Two hundred masked women storm a courtroom in Nagpur, overpower the police escorting a gangster to a hearing, kill him and escape. If you can believe this, the rest of 200 – Halla Ho! will be a cinch.
Caste is added to a routine potboiler about righteous vengeance. The women are Dalit and from a slum that has been under the malevolent sway of the victim, Balli (Sahil Khattar). Balli has been sexually assaulting the women for a decade. Despite this crime taking place in Nagpur, Maharashtra’s winter capital, nobody has been any the wiser.
Balli’s murder leads to the formation of a fact-finding commission, headed by retired Dalit judge Dangle (Amol Palekar). Meanwhile, five women from the slum, including the elderly Tara (Sushama Deshpande), are arrested for the crime. The commission’s progress is slow, and is matched by the incompetence of human rights lawyer Umesh in obtaining bail for the women. Umesh (Barun Sobti) happens to be an old flame of Asha (Rinku Rajguru), an activist from the slum.
You don’t know what it is like to be a Dalit, Asha tells Umesh. But the film doesn’t shed any light on this. It only depicts Dalits as pathetic victims.
Sarthak Dasgupta’s vigilante drama for Zee5 is based on a story by Abhijeet Das and Soumyajit Roy. “Real events” have supposedly inspired the movie, although it appears that the plot was meant for a different setting – a rural area, perhaps, or a place facing severe restrictions on the media and other institutions of civil society.

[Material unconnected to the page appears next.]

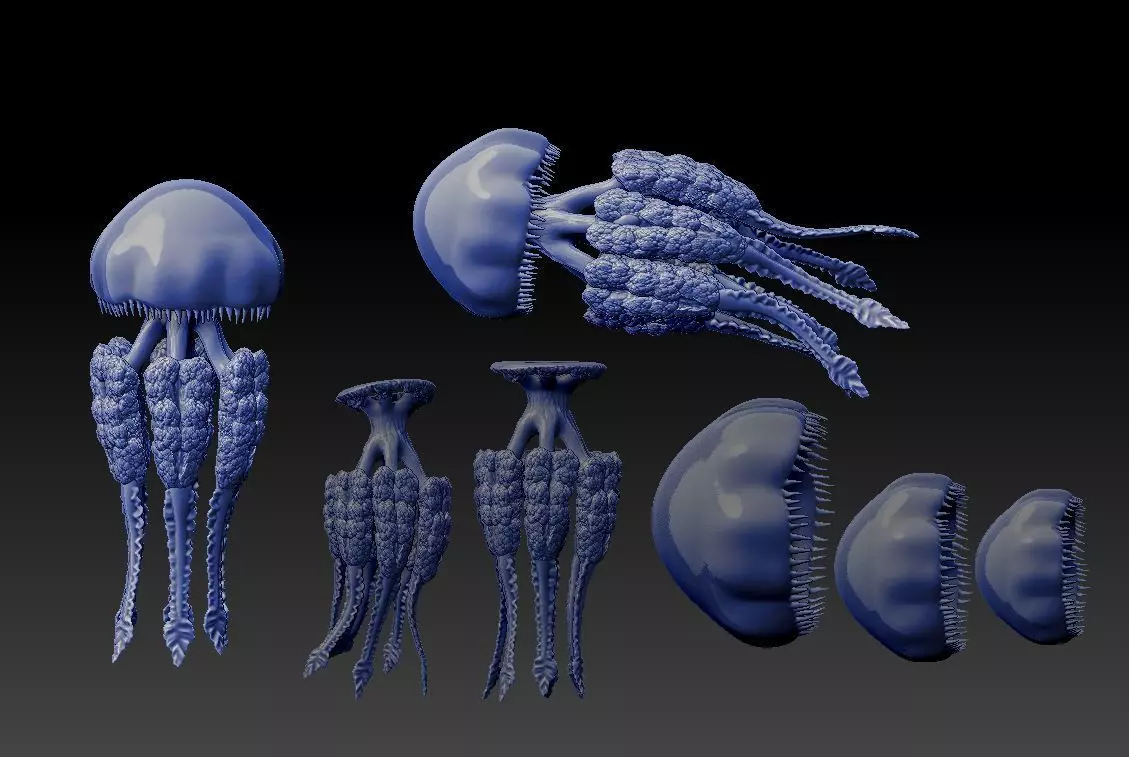 Jellyfish Rhizostoma 3D print model_0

Sluggishly paced and poorly argued, the movie does little for its stated cause: to highlight the oppression of Dalit women, and to reveal the manner in which this systemic violence evokes little interest except when it is expedient. The only reason anybody is interested in Balli’s slaying at all is because the police have been humiliated and an election is round the corner.
Even veterans such as Amol Palekar and Sushama Deshpande struggle to keep audience interest from flagging. Rinku Rajugru, Barun Sobti and Saloni Batra are among the actors who vainly try to steer their skiffs in a sea of preposterousness.